Pick every line from the data that holds the word "with".

^^^^^^^^^^^^^^^^

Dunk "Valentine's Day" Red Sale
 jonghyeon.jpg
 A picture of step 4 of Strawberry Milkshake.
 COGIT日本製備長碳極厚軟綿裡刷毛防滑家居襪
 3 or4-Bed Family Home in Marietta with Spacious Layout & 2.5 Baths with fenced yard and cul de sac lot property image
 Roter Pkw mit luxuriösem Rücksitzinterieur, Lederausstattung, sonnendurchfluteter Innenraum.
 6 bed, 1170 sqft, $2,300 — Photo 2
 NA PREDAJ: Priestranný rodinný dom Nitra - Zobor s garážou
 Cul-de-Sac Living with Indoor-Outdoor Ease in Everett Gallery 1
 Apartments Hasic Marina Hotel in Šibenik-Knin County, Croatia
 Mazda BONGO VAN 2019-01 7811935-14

^^^^^^^^^^^^^^^^

Response box:
 3 or4-Bed Family Home in Marietta with Spacious Layout & 2.5 Baths with fenced yard and cul de sac lot property image
 Cul-de-Sac Living with Indoor-Outdoor Ease in Everett Gallery 1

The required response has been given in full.